This is an example of the info that was leaked in the db:

cvps_???? (assigned by CVPS) (hash of password)=(some have this, some don't. Original password used to sign up) [email protected] first lastname

cvps_???? (same as above) (IP of server) (name of server) (hypervisor) (OS and version) (RAM) (OG password as above)


----------



## Mun

jfreak53 said:


> At no point did I ever "ASK" for the entire dump, I asked if someone had it. In that case if they do I can PM them the users and ask them nicely if they can grep the file to see if my 10 users are there. Simple.
> 
> Again, this is NOT about changing passwords, I already did that. It is about the data within the system. Out of the 10, 5 are back online, meaning if they were not brought back from a backup from cVPS the data contained could be compromised (messed with!!), meaning I have more work to do than just changing a password.
> 
> This is the reason I am curious, not changing passwords.
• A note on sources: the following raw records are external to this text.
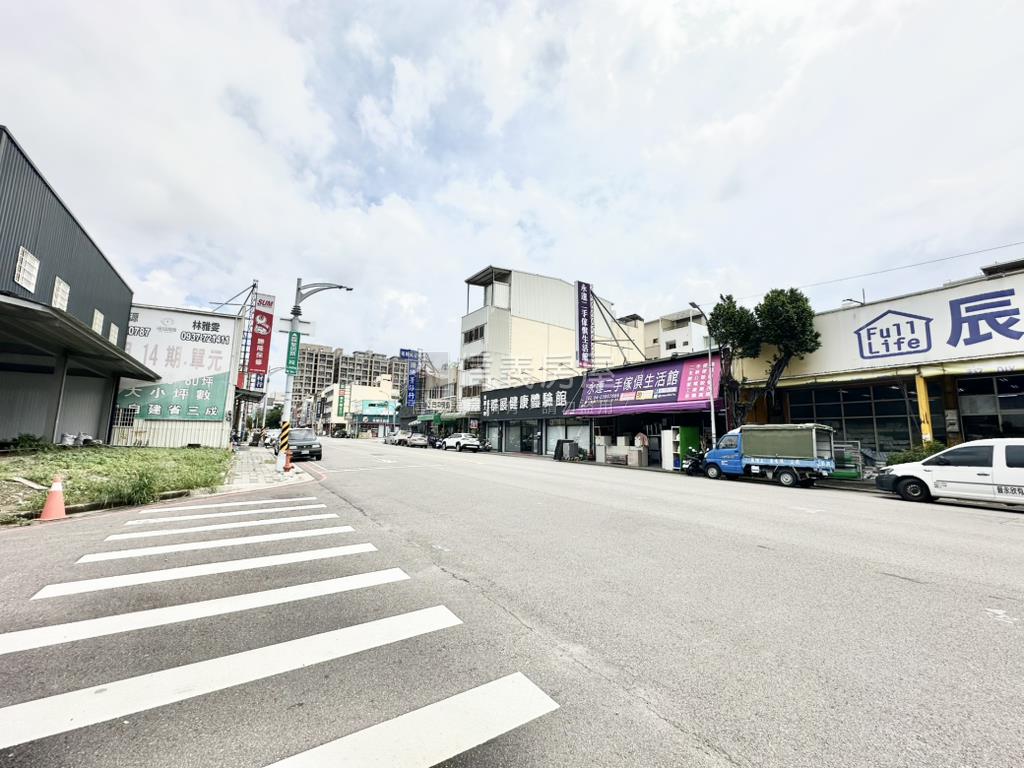 單元四約７米面寬土地房屋室內格局與周邊環境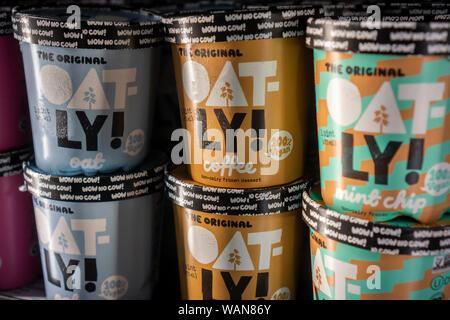 Contenitori di Oatly! Marca a base di vegetali oat-latte gelato in un congelatore in un supermercato a New York Sabato, Agosto 10, 2019. (© Richard B. Levine) Foto Stock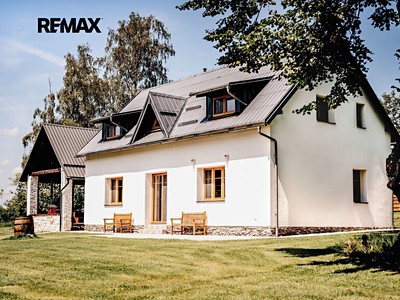 Prodej domu, 184 m² (2 z 30)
This has happened before with CVPS, so simply put, your old passwords are now floating around the internet on 50 mirrors with IP addresses to try your password on.

Mun


----------



## jacobsta811

The server that started emailing me, presumably in mid deletion, happened at 3:25AM EDT. DB could have been hacked well before that though, and possibly some targeted attacks performed before the dump ever got posted.


----------



## upsetcvps

I sent you a pm, jfreak53


----------



## upsetcvps

jacobsta811 said:


> The server that started emailing me, presumably in mid deletion, happened at 3:25AM EDT. DB could have been hacked well before that though, and possibly some targeted attacks performed before the dump ever got posted.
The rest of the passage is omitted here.